January 4, 2013
Designated RHP Jeanmar Gomez for assignment. [1/2]
Myers is a bit of a sour fellow, a pitcher whose fans, including Richard Justice, cannot praise him without pointing out his prickly nature upfront. (Justice spared mention of Myers’ questionable taste in facial hair.) He also possesses one of the oddest active career acts. Having alternated to and from the bullpen twice in the past, Myers now desires a return to the rotation. His search for starts leads him to Cleveland, where he makes a lot of sense for the Indians.
The 32-year-old looks and pitches older than he is. This may sound odd considering Myers has twice moved to the bullpen, but his greatest strengths are durability and arsenal depth. Myers is a decent bet to eat 200 to 220 innings for the Indians, thanks to groundball tendencies stemming from a high-80s sinker. He’ll mix his speeds, using his curveball, slider, and changeup, and locates well enough to keep batters off-balance, all the while pounding the strike zone. You can do worse.
Cleveland’s offseason strategy is beginning to resemble Oakland’s from last winter. The key difference is Oakland’s pitching quality and depth. The Indians are hoping Justin Masterson or Ubaldo Jimenez can lead the way, while some combination of Zach McAllister, Carlos Carrasco, and Corey Kluber shore up the back end. Yes, Trevor Bauer is around, and yes, Cleveland could add a veteran like Shaun Marcum. For now it’s hard to gamble on either scenario. Likewise, you shouldn’t bet on Cleveland winning the division. This Indians bunch should win more games than they did last year (68), however, and fans have to be pleased to see some offseason additions.
The downside for Cleveland—a team whose top prospects are near the bottom of the ladder—is that they may have to do this again next winter and the winter after that. Will it ever be enough to make it to the postseason? It’s tough to say, but their chances are better now than they were a week ago.
As for the other moves: Gomes started 17 games for Cleveland in 2012, pushing his career total to 38 big-league starts. His low-90s sinker gets groundballs, but the overall package gives him an upside of a fifth starter. An organization in need of cheap arms could give him a look. Meanwhile, Canzler is the quintessential Quad-A slugger: good human being with good Triple-A numbers but skills with bad big-league translatability. Scouts question Canzler’s bat speed and his approach at the plate. The bat needs to work for Canzler to latch onto a roster spot since he does not have the athleticism or defensive ability to make up for lackluster offense.

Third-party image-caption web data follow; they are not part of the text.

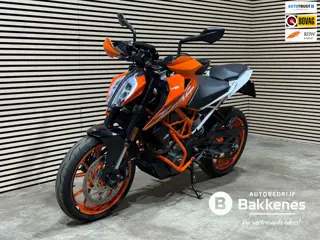 KTM Tour 390 Duke ABS | Akrapovic | Bluetooth | Onderhouden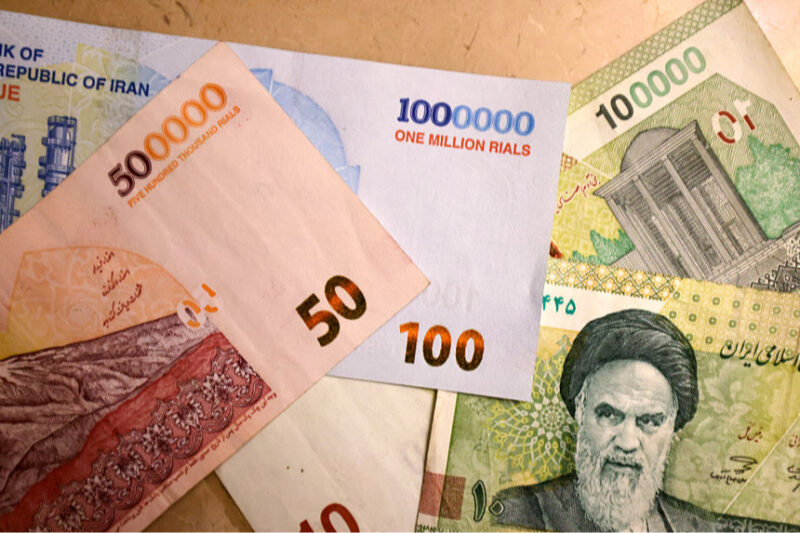 Іранський ріал наближається до рекорду падіння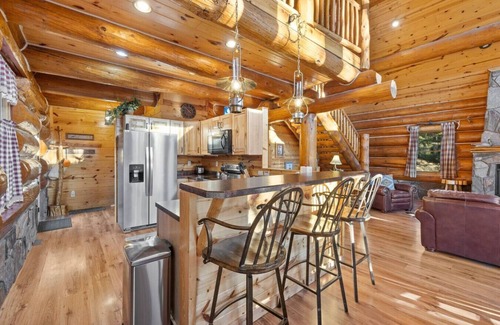 Custer Cabina | Beaver Creek Lodge, Secluded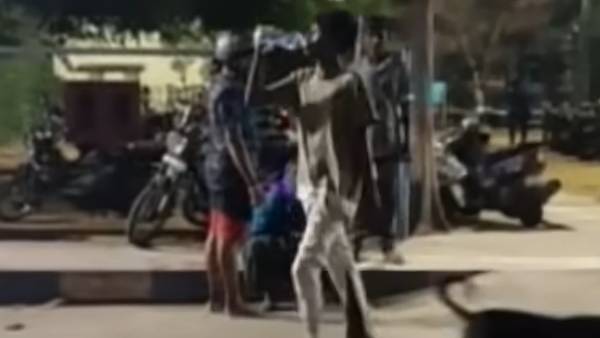 சேலம் ரசிகர் செய்த 'சம்பவம்' சேலம் ரசிகர் செய்த 'சம்பவம்'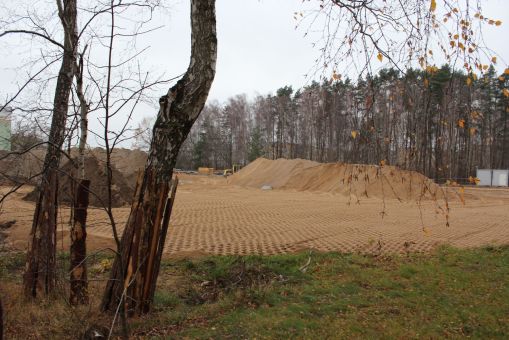 Budowa linii tramwajowej w ulicy Wilczyńskiego, w okolicach przyszłego przystanku końcowego Pieczewo (14 listopada 2021)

Signed RHP Jason Frasor to a one-year deal worth $1.5 million. [1/3]
The Rangers bullpen will look different come opening day. Jon Daniels signed Joakim Soria earlier in the winter and now adds Frasor, all in an attempt to heal the exit wounds left by Koji Uehara and Mike Adams (and perhaps Mark Lowe). Frasor, formerly of the Blue Jays, throws three pitches (a low-to-mid-90s fastball, slider, and splitter) but is best suited in middle relief because of his wide platoon splits. The difference between Frasor’s multi-year TAv against righties (.234) and lefties (.308) in player form in 2012 is the difference between Allen Craig and Cliff Pennington. Ron Washington is going to have to micromanage Frasor’s usage to get the best out of him; if that happens, Frasor should be a nice enough get on a one-year deal worth pennies.